Asana vs Wrike: How to Choose the Advanced Project Management Tool?

Does managing a project feel like an arduous choice than a simple task? It means you need a better project management system. And, in this case, you can’t get around Asana vs Wrike.

But how can you pick between two product management tools? Let’s compare Wrike vs Asana by the following parameters:

  • What features do they include?
  • How to get started with Asana and Wrike?
  • What is the Asana vs Wrike pricing structure?
  • What are their pros and cons?
  • Which team size suits Wrike vs Asana best?

A Basic Overview: Asana vs. Wrike

Before diving into the differences between Wrike vs Asana, let’s get to the basics.

What Is Wrike?

Over the years, Wrike has been an astounding success among businesses, dependent on project management and collaboration features. This free project management software stays true to its vision of delivering capabilities to enhance workflows, approvals, and reviews.

Then again, Wrike is an excellent option for middle-sized to large organizations due to its complex task management tools. Its other vital functions incorporate end-to-end project visibility, robust security elements, and real-time project management.

Asana vs Wrike Analytics

How the Wrike analytics widget looks. Source: Wrike

What Is Asana?

Asana is a cloud-based project management system for organization-wide collaboration and workload management. Since its launch, the project management system has added project timelines, Kanban boards, and multiple integrations.

Like many similar tools, Asana helps you monitor the project progress and gives a 360-view of ongoing tasks. The best part? Asana lets you go beyond simple project management to manage resources and collaborate in real time.

Asana Templates

Example of Asana project management templates. Source: Asana

Wrike vs Asana: Getting Started

A fact: Asana and Wrike provide a straightforward onboarding process. But which project management software is the easiest to get started?

How to Get Started with Wrike?

So, how to use Wrike? Like most collaboration tools, Wrike offers you a rapid startup. First, you enter your work email and some brief details about your team.
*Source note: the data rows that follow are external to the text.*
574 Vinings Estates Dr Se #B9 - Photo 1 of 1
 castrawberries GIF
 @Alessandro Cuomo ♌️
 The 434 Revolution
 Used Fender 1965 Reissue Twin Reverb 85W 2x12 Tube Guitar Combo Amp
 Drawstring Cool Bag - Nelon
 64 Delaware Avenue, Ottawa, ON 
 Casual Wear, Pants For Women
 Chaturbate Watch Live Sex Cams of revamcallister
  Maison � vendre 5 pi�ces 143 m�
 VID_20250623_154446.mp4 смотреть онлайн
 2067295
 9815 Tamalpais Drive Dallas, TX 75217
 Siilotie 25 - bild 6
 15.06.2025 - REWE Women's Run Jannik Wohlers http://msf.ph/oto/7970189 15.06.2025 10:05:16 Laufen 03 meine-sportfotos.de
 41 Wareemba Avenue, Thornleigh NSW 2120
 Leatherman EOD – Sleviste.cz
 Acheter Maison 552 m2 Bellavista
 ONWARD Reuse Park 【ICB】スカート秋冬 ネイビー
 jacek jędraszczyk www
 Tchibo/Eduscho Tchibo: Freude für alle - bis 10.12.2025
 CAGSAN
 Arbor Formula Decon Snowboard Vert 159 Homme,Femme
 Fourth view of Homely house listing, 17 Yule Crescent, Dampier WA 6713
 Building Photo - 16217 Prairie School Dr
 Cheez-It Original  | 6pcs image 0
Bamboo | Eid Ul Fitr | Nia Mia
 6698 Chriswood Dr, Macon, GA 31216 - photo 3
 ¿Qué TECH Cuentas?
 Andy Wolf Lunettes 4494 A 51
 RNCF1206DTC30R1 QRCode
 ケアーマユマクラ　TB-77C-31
Once you’ve filled in the required information, the project dashboard opens. Next, the Wrike Bot shows you a full product tour around the tool. That includes visual guides on creating tasks, managing teams, and building reports. Either way, you can navigate through Wrike with the top and left-hand navigation bars.

Any time you can invite existing or new team members to your projects. Nevertheless, different users can view and access other things in the same Wrike account. Mainly, it depends on the license type, sharing, views, and filters.

Wrike Dependencies

How to improve Wrike dependencies. Source: Wrike

How to Start Working with Asana?

Unlike other free project management software, Asana’s startup process slightly differs. Once you fill in your project details, you receive an email invitation. Similarly, you need to look for onboarding guides on managing tasks, onboarding your team, and getting started.

After you’ve looked through the guides, you can get to the main screen, where you can see your project. And every time you open up a new feature, a pop-up appears with an explanation.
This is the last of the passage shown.